Isaiah tells us that “Those who wait for the Lord will renew their strength,” but that text doesn’t say how long that wait will be. It may just mean that we have to surrender our own agendas if we want to be fully in God’s presence. The final sentence in the Exodus text says Moses was on the mountain for forty days and forty nights. We know that’s Bible speak for a very long time. In other words we don’t measure our time with God in chronos or clock time. Those mountain top experiences can only be described in Kairos time, which means in God’s good time and as long as it takes.

On a clear day you can see for 100 miles from Clingman’s Dome, but Moses got no such photo op on Mt. Sinai; and that’s the second detail that got my attention from the Exodus account.  It says, “Then Moses went up on the mountain, and the cloud covered the mountain. The glory of the LORD settled on Mount Sinai, and the cloud covered it for six days; on the seventh day he called to Moses out of the cloud.”  Moses is totally enveloped by God’s Holy presence.  There’s no multi-tasking if we want to feel God’s manifestation.  We have to be fully committed and open to whatever God is calling us to do and become.

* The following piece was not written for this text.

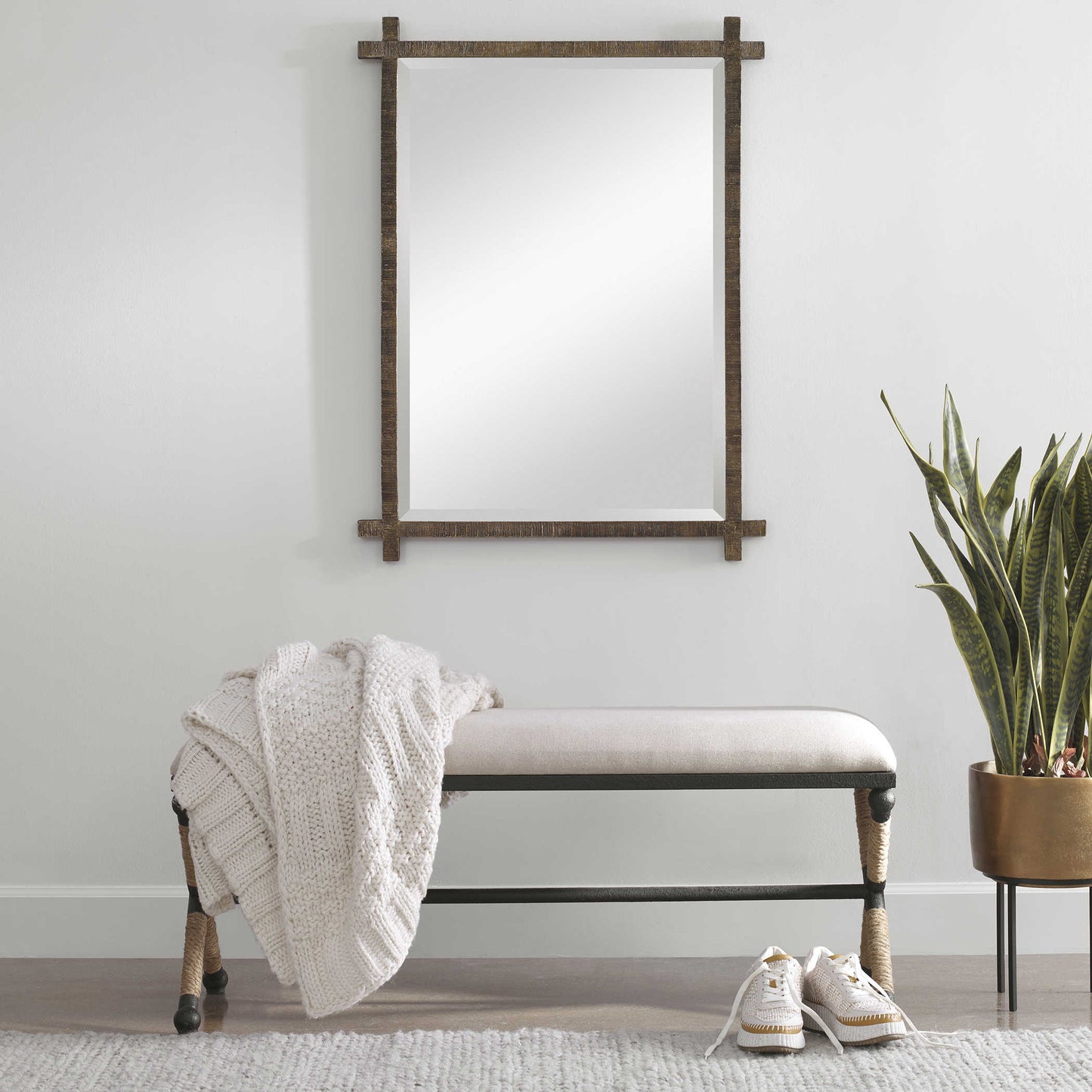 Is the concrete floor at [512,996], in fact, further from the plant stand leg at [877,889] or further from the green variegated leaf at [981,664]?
the green variegated leaf at [981,664]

I get a lot of inspiration from music lyrics, and the song that I’m hearing as I ponder these biblical stories is “Climb Every Mountain” from “The Sound of Music” by Richard Rodgers, and Oscar Hammerstein.  The lyrics to that song say,

“Climb every mountain,

Search high and low,

Follow every byway,

Every path you know.

Climb every mountain,

Ford every stream,

Follow every rainbow,

‘Till you find your dream.

A dream that will need

All the love you can give,

Every day of your life

For as long as you live.”

If you remember the story this song is sung by the Mother Superior to a young Maria who is wrestling with her vocation, her call from God which seems to be pulling her away from the religious life in the convent to a totally different purpose.  To surrender to God may take us in very surprising directions, but whatever that path is it will require struggle and effort, not just one mountain-top experience.  The song says climb every mountain, search high and low, and follow every rainbow to pursue a dream that requires “all the love you can give, every day of your life for as long as you live.”  Every mountain. All the love.  Every day. As long as you live.  God doesn’t ask more of us than we can give, just all we have.

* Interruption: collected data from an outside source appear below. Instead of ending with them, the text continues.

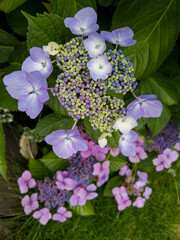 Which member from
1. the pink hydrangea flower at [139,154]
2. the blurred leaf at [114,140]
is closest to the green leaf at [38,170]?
the pink hydrangea flower at [139,154]

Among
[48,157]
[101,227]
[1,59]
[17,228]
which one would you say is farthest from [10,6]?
[101,227]

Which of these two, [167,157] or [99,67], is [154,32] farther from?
[167,157]

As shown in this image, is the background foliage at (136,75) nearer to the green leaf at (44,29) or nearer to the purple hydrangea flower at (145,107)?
the green leaf at (44,29)

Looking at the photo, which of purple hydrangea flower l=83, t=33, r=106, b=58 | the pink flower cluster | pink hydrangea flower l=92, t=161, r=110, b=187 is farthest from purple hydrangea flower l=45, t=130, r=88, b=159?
the pink flower cluster

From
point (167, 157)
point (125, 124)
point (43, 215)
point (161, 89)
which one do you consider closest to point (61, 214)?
Result: point (43, 215)

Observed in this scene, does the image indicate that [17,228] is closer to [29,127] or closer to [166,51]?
[29,127]

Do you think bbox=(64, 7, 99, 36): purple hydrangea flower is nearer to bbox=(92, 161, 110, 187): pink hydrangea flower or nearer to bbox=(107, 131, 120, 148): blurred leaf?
bbox=(107, 131, 120, 148): blurred leaf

Lent is a great time to ponder such things.  Jesus translates that all-in commitment to “Let the dead bury the dead.” “ Leave your nets.” “Take up your cross and follow me.” We need mountain-top experiences to refuel and renew our souls, but we don’t live on the mountain top.  Moses had to come back down to his golden calf worshipping flock.  Jesus and the disciples had to come back down the mountain and set their faces toward Jerusalem.  We need solitude and close encounters with God to empower us, but we live in the lonesome valley of dry bones and the shadow death. 

Spend time alone with God this Lent, as much time as it takes, and wrestle with whatever is on your heart about what God requires of you in this time and place.